__Exercise requirements__. Take the listing below and print exactly the lines starting at the line containing "Trendation Tasse Trendation" and ending at the line containing "ベクタ Image ハッピーなファーストフードのハンバーガー", both ends included, and no others.

__Exercise materials__.

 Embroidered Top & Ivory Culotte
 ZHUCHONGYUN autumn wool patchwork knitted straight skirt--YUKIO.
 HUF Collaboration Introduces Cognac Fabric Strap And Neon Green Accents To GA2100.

==

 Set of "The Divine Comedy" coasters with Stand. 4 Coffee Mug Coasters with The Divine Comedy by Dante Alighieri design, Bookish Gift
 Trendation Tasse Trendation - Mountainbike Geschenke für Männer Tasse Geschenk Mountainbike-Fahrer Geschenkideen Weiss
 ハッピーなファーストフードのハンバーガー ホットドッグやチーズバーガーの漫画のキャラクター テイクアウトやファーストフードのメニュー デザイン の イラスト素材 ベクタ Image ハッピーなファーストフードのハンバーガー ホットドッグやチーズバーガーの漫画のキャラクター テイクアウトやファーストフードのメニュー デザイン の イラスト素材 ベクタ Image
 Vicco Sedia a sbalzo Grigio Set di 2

---

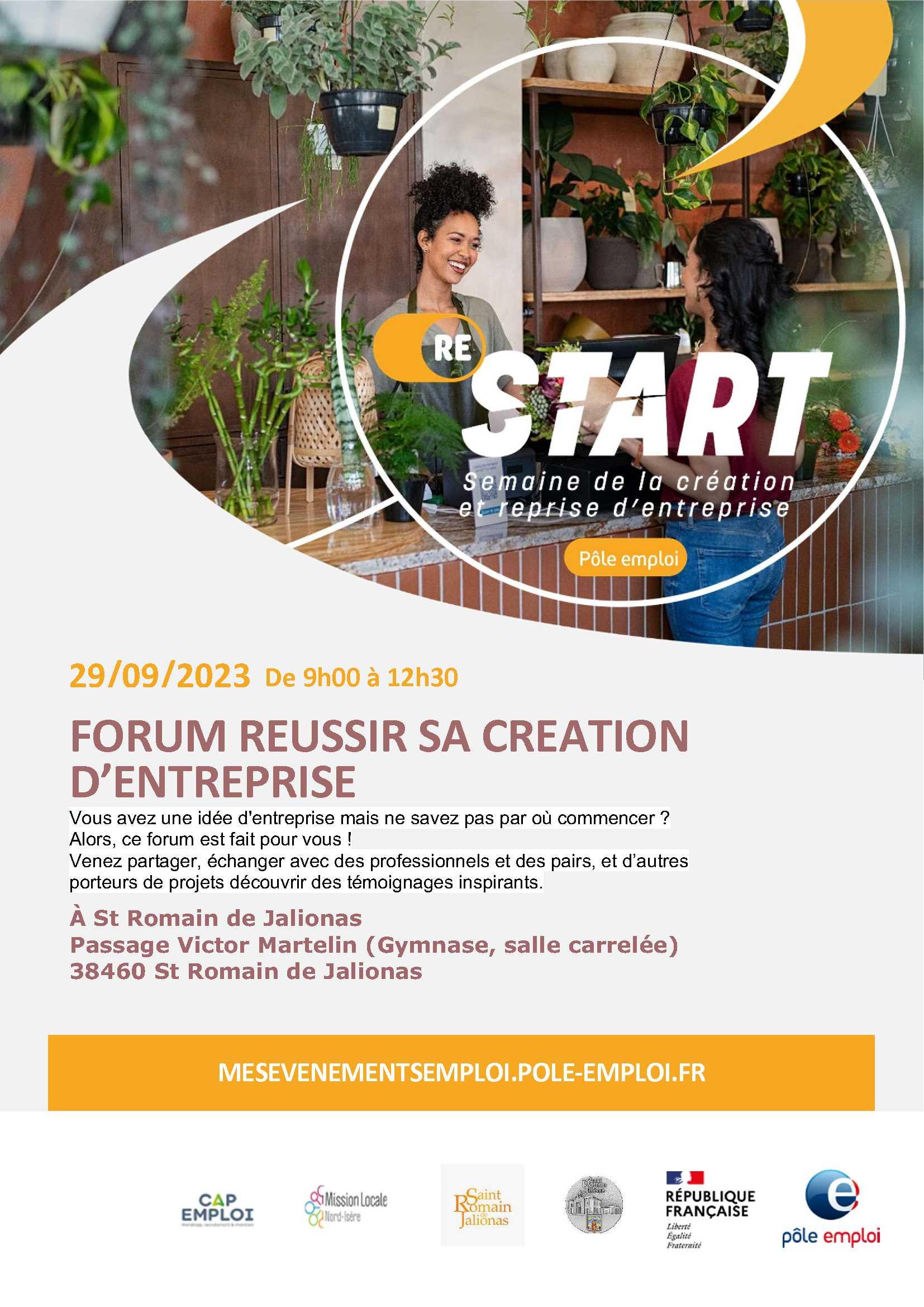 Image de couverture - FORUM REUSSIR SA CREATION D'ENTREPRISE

__Answer space__.
 Trendation Tasse Trendation - Mountainbike Geschenke für Männer Tasse Geschenk Mountainbike-Fahrer Geschenkideen Weiss
 ハッピーなファーストフードのハンバーガー ホットドッグやチーズバーガーの漫画のキャラクター テイクアウトやファーストフードのメニュー デザイン の イラスト素材 ベクタ Image ハッピーなファーストフードのハンバーガー ホットドッグやチーズバーガーの漫画のキャラクター テイクアウトやファーストフードのメニュー デザイン の イラスト素材 ベクタ Image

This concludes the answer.